In this citizen journalism image provided by the Media Office Of Douma City, which has been authenticated based on its contents and other AP reporting, a Syrian man mourns over a dead body after an alleged poisonous gas attack fired by regime forces, according to activists, in Douma town, Damascus, Syria, Wednesday, Aug. 21, 2013. (Photo credit: AP/Media Office Of Douma City)
In this citizen journalism image provided by the Media Office Of Douma City, which has been authenticated based on its contents and other AP reporting, a Syrian man mourns over a dead body after an alleged poisonous gas attack fired by regime forces, according to activists, in Douma town, Damascus, Syria, Wednesday, Aug. 21, 2013. (Photo credit: AP/Media Office Of Douma City)

The images that emerged from the Damascus suburbs Wednesday demonstrated to the State of Israel and the international community the scale of the atrocities taking place in Syria — right across our border.

The regime of Syrian President Bashar Assad was immediately suspected of once again using chemical weapons, apparently sarin, against civilian population centers where the opposition fighters operate.

However, the puzzling timing of such a massive attack — exactly a year after US President Barack Obama announced that the use of chemical weapons would trigger involvement by the US, and with a team of UN inspectors currently in Damascus to investigate whether such weapons have been used — raises questions about who fired those chemical-bearing missiles, and if they necessarily acted under Assad’s orders.

The almost immediate response of many commentators and experts was to criticize the Obama administration’s policy in the Middle East. They said Obama’s famous “red line,” as he termed chemical weapons use, was crossed yet again and that Washington was sitting on its hands while paradoxically reserving its condemnation for the new government in Egypt — which is fighting radical Islam.

It’s hard to disagree with the criticism of the administration’s approach to the government in Cairo and the Egyptian army. These days, the alternative to the military is the return of the Muslim Brotherhood in an even more radical form, or an assortment of armed militias that would bring about the collapse of Egypt — a scenario even the White House doesn’t wish for.

However, the administration has good reasons to be cautious in its approach to the ongoing events in Syria. Very good reasons.

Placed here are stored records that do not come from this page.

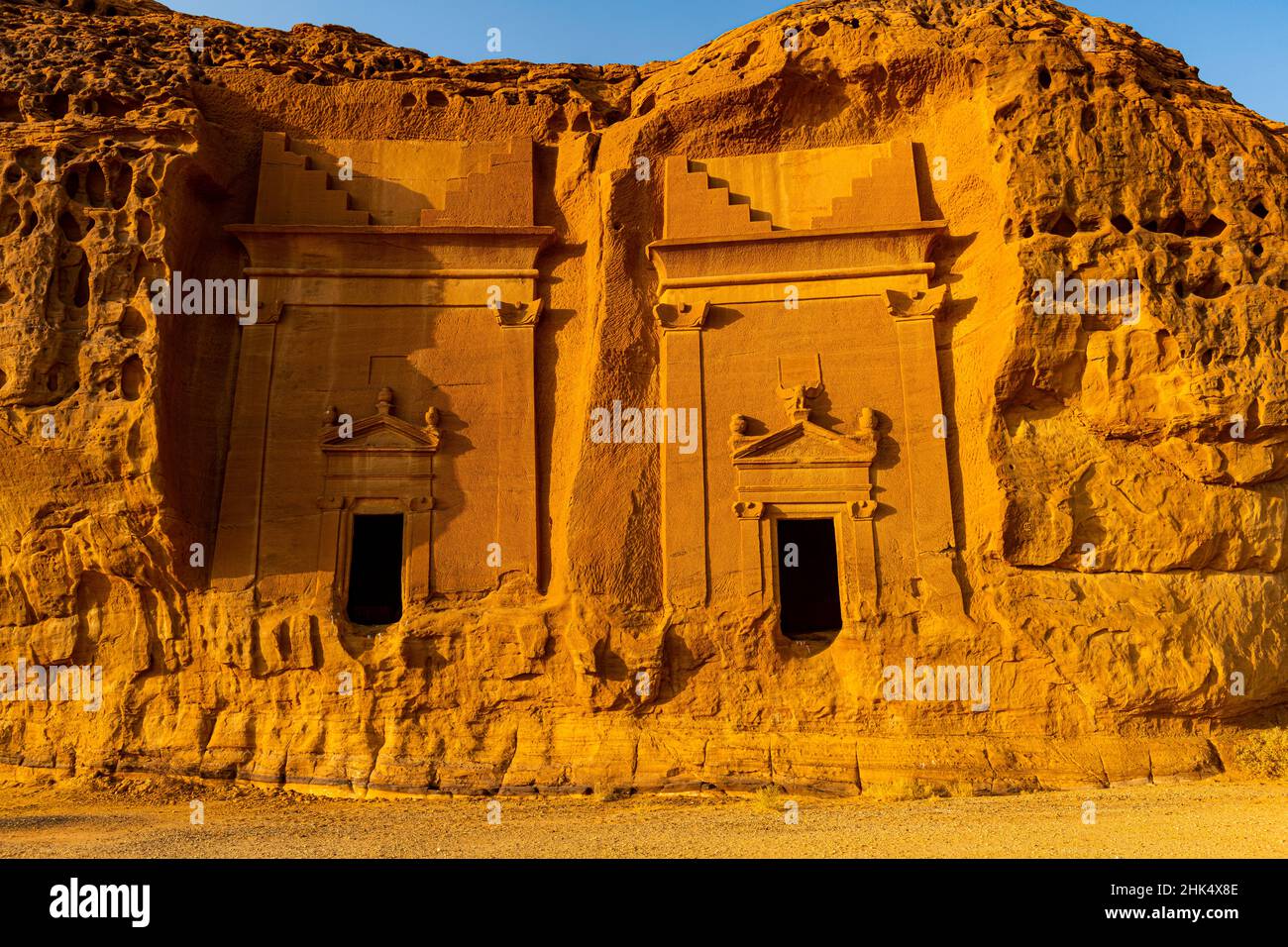Felsgrab, Madain Saleh (Hegra) (Al Hijr), UNESCO-Weltkulturerbe, Al Ula, Königreich Saudi-Arabien, Naher Osten Stockfoto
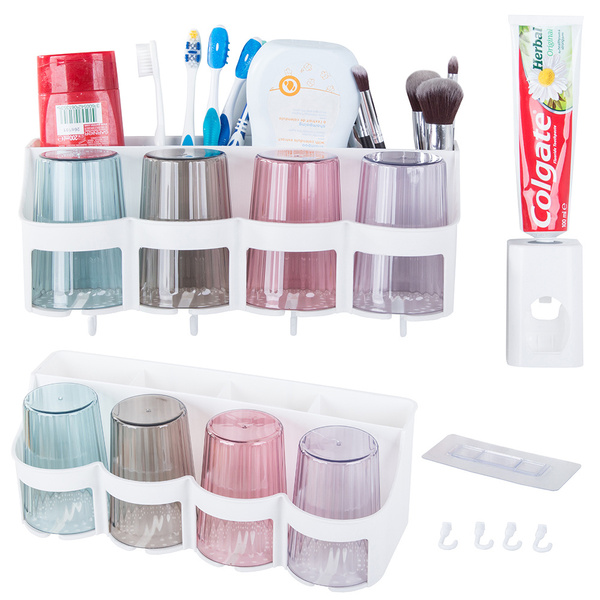 Organizator periuță de dinți cupe dispenser pastă de dinți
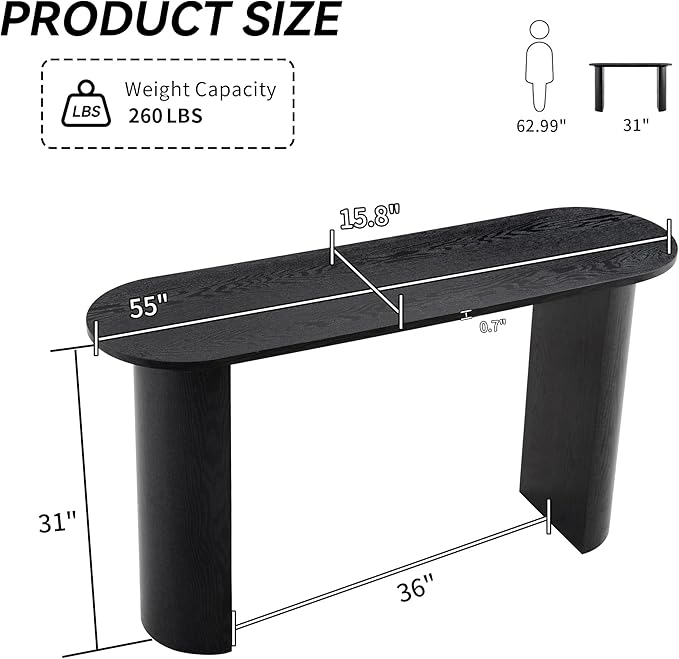 55 Inch Console Table, Modern Entryway Table with Rounded Corners, Narrow Sofa Table Behind Couch for Foyer, Hallway, Living Room,Black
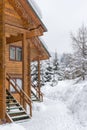 Wooden chalets in the ski resort Bukovel Royalty Free Stock Photo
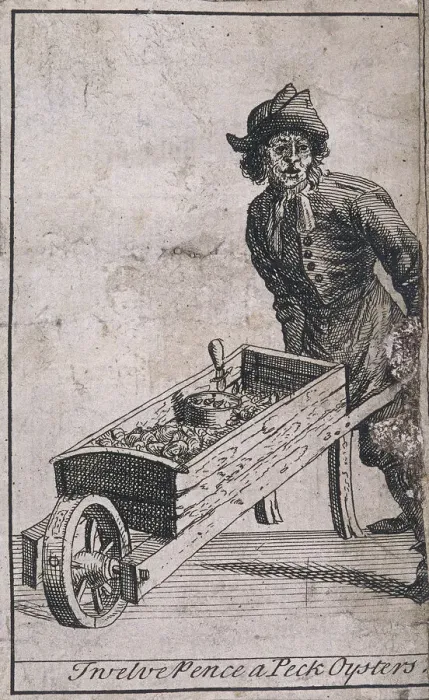 Framed Print : Twelve Pence a Peck Oysters, Cries of London, (c1688?) Framed Print : Twelve Pence a Peck Oysters, Cries of London, (c1688?)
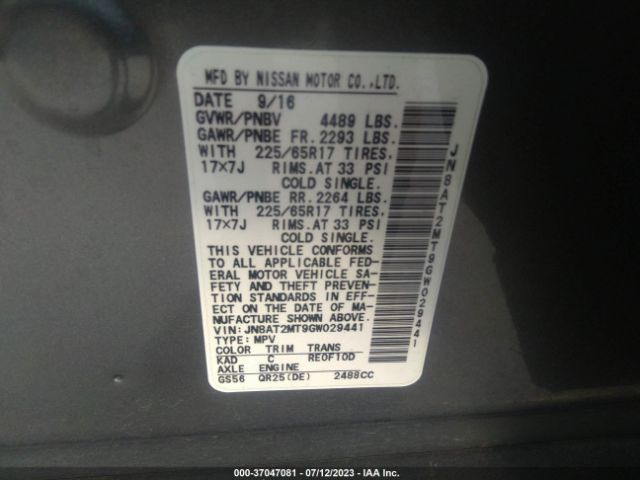 JN8AT2MT9GW029441 Nissan ROGUE SV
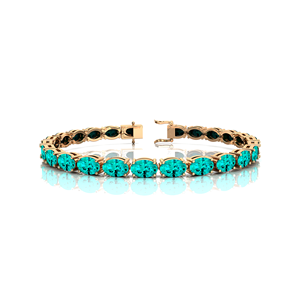Bracelet chaîne tennis en or 14K et 18K avec pierre précieuse tourmaline Paraiba de laboratoire taille ovale, nouveau bijou fin personnalisé, serti à griffes, design infini - Product Image 5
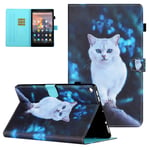 UGOcase Sleeve Cover for Kindle Fire HD 10(9th Gen 2019 & 7th Gen 2017 & 5th Gen 2015), Card Slots and Pen Holder Smart PU Leather Cover with Folio Stand for Amazon Fire HD 10.1 inch - Blue Eyes Cat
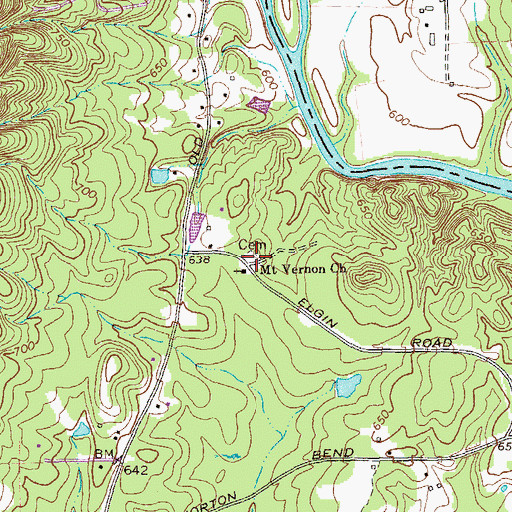 Topographic Map of Mount Vernon Cemetery, GA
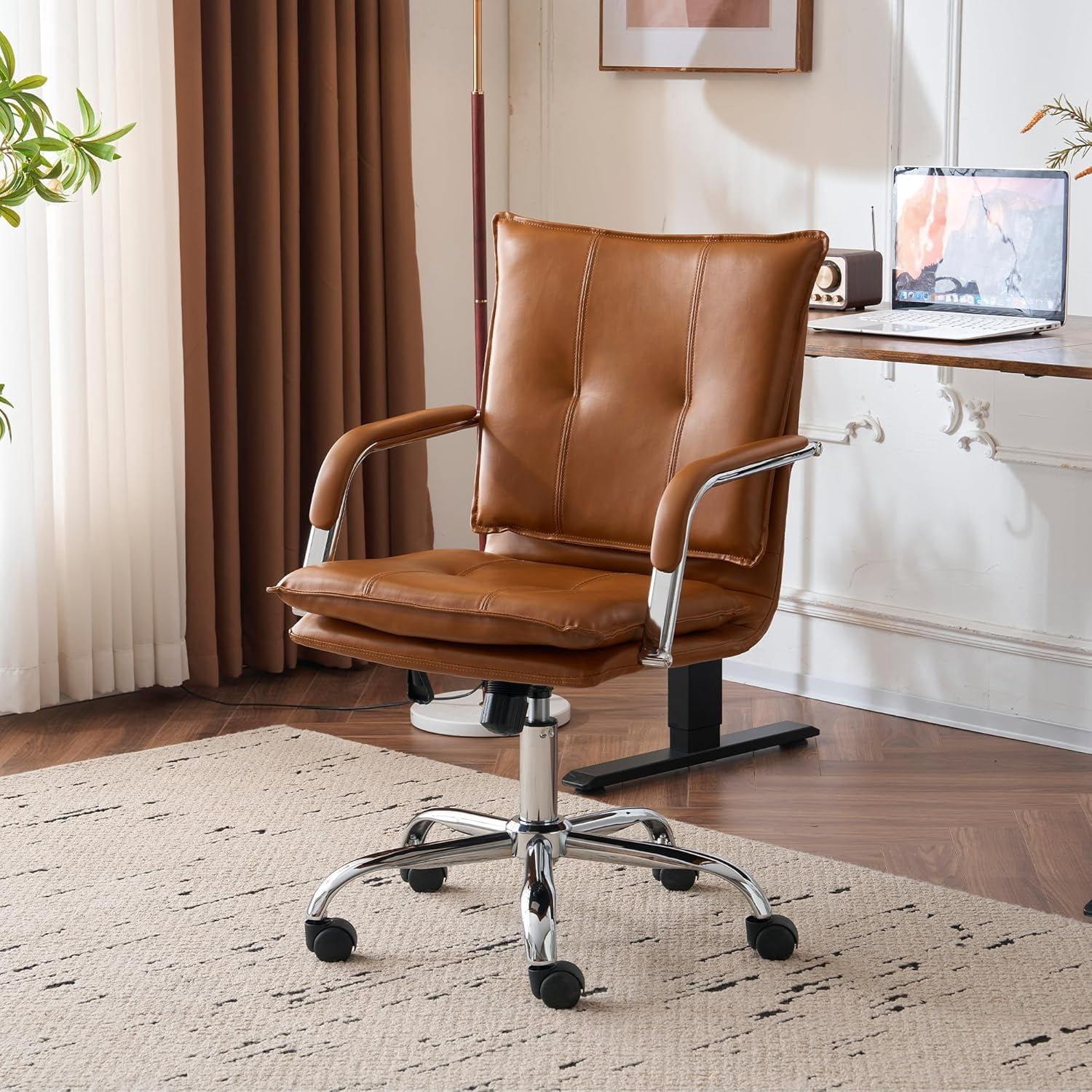 wuieqih Mid-Back Ergonomic Leather Chair Upholstered Executive Chair ...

In Syria, there is no choice between “good” and “bad.” Assad’s regime is bad, but the apparent opposition in the country is also bad — maybe even worse, as far as the West is concerned. Al-Qaeda-style gangs are taking control of more and more territory across Syria, including areas in the country’s large cities. The fall of Assad would see the West dealing with no less serious a threat — of armed Sunni militias with no desire or ability to talk to the West and the US, and definitely not to Israel.

Therefore, as awful as it sounds, the US administration doesn’t have many options in Syria, and it needs to proceed with extreme caution. For a start, it should probably resist calls for it to attack the Assad regime at least until the UN investigating team can identify who exactly fired those chemical weapons.